Source data
###

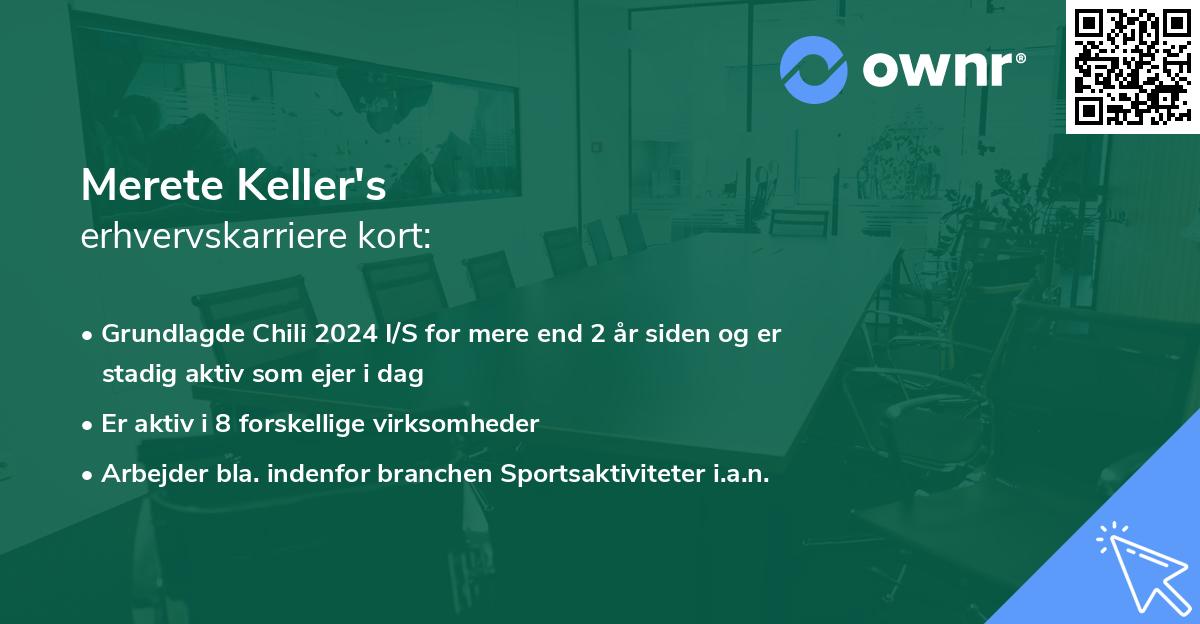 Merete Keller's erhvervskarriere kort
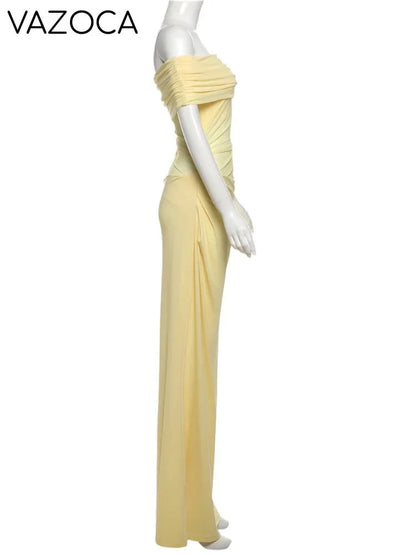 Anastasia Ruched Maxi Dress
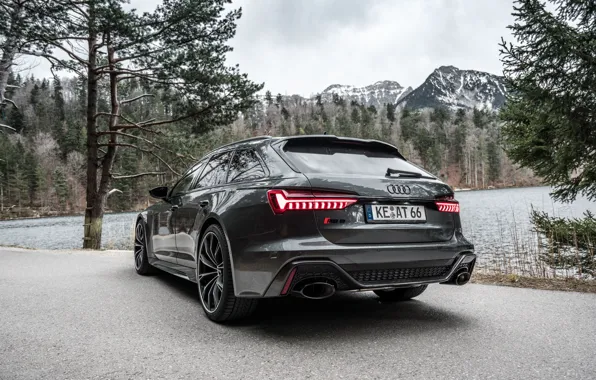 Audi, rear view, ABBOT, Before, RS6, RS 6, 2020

###

Problem to solve
Please set down every line of the data above precisely, dropping the images.

Task solution
 Merete Keller's erhvervskarriere kort
 Anastasia Ruched Maxi Dress
 Audi, rear view, ABBOT, Before, RS6, RS 6, 2020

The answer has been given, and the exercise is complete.